Here's an overview of life insurance, options, and how to maximize policy coverage.
What Is Life Insurance?
Like insurance policies are contracts between insurers and policyholders. If the policyholder dies, the insurer pays a sum of money to a designated beneficiary. Some contracts trigger payments in the event of serious illness or other reasons, so each policy is unique.
Life insurance can be permanent or term. Permanent insurance covers the policyholder throughout their lifetime. It is possible to cancel the policy and the owner will receive a cash value after fee subtraction.
Term life insurance policies promise to pay a specified death benefit if the insured dies within a specific period. If the duration expires, the policyholder can renew at a higher premium, convert to permanent or allow the insurer to terminate the contract.
There are different term and permanent life insurance policies and contract variations from one insurer to another.
Universal Life vs. Whole Life Insurance
Whole and universal life are the two permanent life insurance policies.
Both plans accumulate cash, so you can withdraw, borrow or invest.
As such, permanent insurance policies are also known as cash-value insurance. This is because whole life coverage earns money through internal interest rates and dividends.
Conversely, universal policies accumulate cash through market indexes but both plans allow cash to be withdrawn, borrowed against or invest
Whole Life Insurance
As the name suggests, whole life insurance is a permanent life insurance policy that covers you for the rest of your life, provided you pay the premiums on time.

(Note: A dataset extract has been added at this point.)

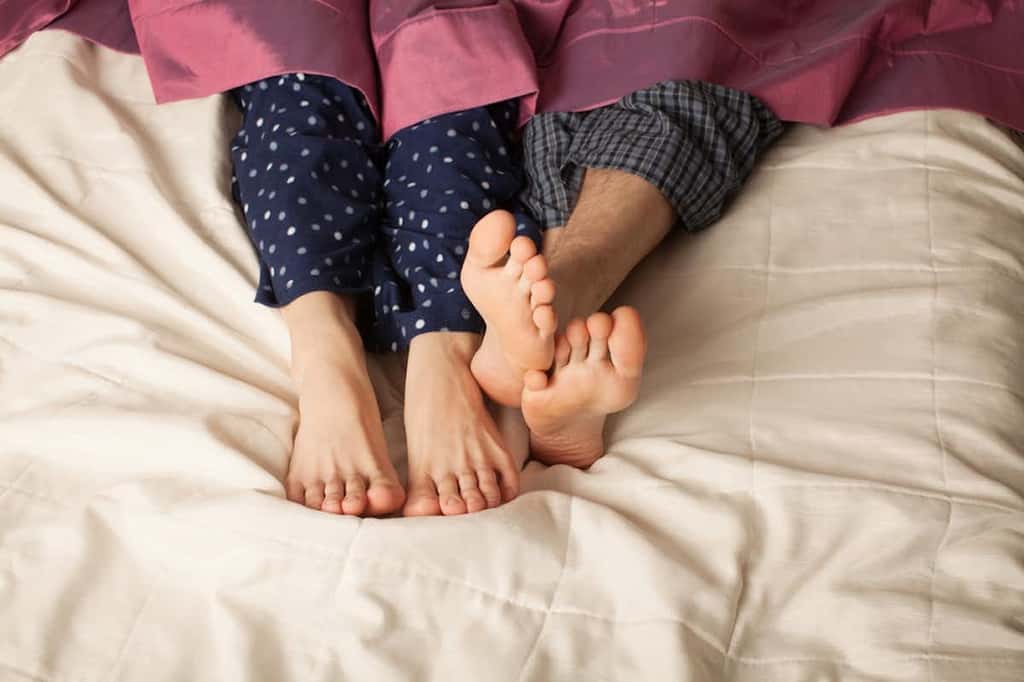 Le syndrome des pieds froids est souvent difficile à supporter… pour votre partenaire. © Shutterstock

Unlike term life insurance, which covers the policyholder for a set amount of time, whole life policies last until death and is the most common policy people purchase to combine insurance with savings. The savings grow on a tax-deferred basis and can be invested to generate interest and dividends. To receive cash, policyholders can withdraw funds against the cash value or cancel the policy. Alternatively, the annual dividends can grow in interest, with some policyholders using dividends to reduce premium payments or purchase extra features.
Universal Life Insurance
known as adjustable life insurance, offer the flexibility to increase or reduce the policy's face value (death benefit). For example, the benefit can be reduced if medical circumstances change, or it can be reduced to pay lower premiums. Policyholders can also stop making payments or cancel the policy and withdraw its cash value. The face value can be reduced without canceling or surrendering the policy. Policyholders can also partially borrow funds against the face value, provided they have enough funds in their accounts.

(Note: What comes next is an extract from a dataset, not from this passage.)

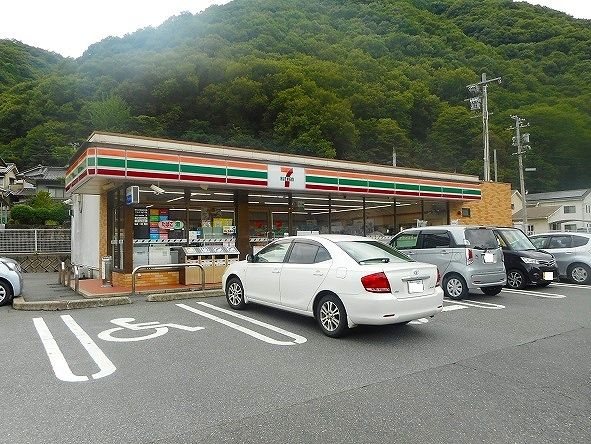 コンビニ　セブンイレブン父石町店（コンビニ）まで550m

Universal life policies can generate higher cash value since the returns are dependent on market conditions, with a portion of the premium being put in investments that grow the cash value.
Types of Universal Life
There are various universal life policies, including indexed, variable and guaranteed products. Options available can include no lapse coverage.
Flexible universal life coverage is the classic policy. It allows policyholders to determine the amount and timing of their premium payments. You can even skip payments, provided the premium doesn't fall below a specified minimum amount.

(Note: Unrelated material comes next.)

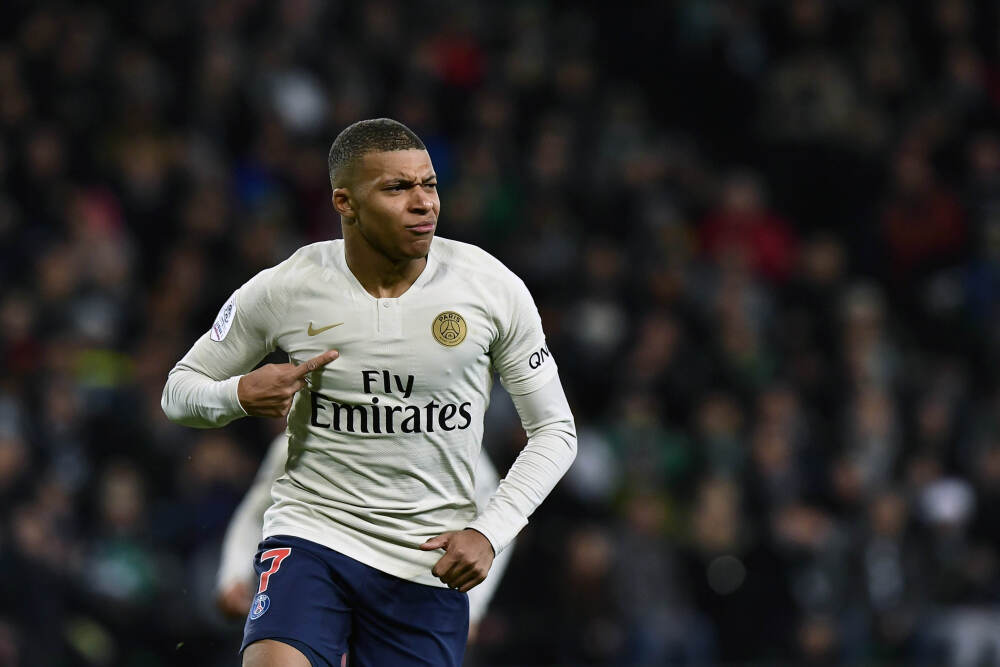 相顾无言~戈贝尔卡住位置准备拿篮板 兰德尔“抢断”失误出界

Fixed policies allow you to pay a specified fixed amount every month. The policyholder can choose a fixed policy for the first five years and then enjoy flexible premiums later.
Single premium insurance policies allow the insured to make a lump sum payment to cover the benefits and cost of insurance. In addition, single premiums can shelter funds from taxes and are ideal for growing the insurance cash value faster.
Indexed universal life insurance features a cash value that earns interest based on the stock market index selected by the insurer. The benefit of indexed life insurance is that it allows the insured to benefit from the stock market booms and protects them from the busts. Your insurance company can choose stock market indexes like S&P 500, the Credit Suisse Balanced Fund or a variety of funds offered by each insurance carrier.
Maximize Your Life Insurance Coverage
If structured correctly, policyholders can use life insurance to help pay estate tax and keep the death benefit proceeds income tax-free. A trustworthy financial advisor with experience in life insurance should be consulted to make sure the correct structure is completed. At Klyman Financial, we provide professional insurance advice to help protect what matters. Contact us today for more information about life insurance policies.
Life Insurance FAQs
What does life insurance cover?
Life insurance covers many expenses, including co-signed debts, mortgages, student loans, living expenses for the remaining family, burial expenses, family loans, estate taxes and more.
What if I outlive my policy term?
If you outlive a term policy, the contract will expire, and you won't receive any refund of the premiums paid. However, you may be able to convert the policy to permanent life insurance.
What happens if I don't pay premiums?
Insurance companies offer up to 30 days grace period, after which the policy will lapse. However, each contract is unique, and some contracts can accommodate skipping payments.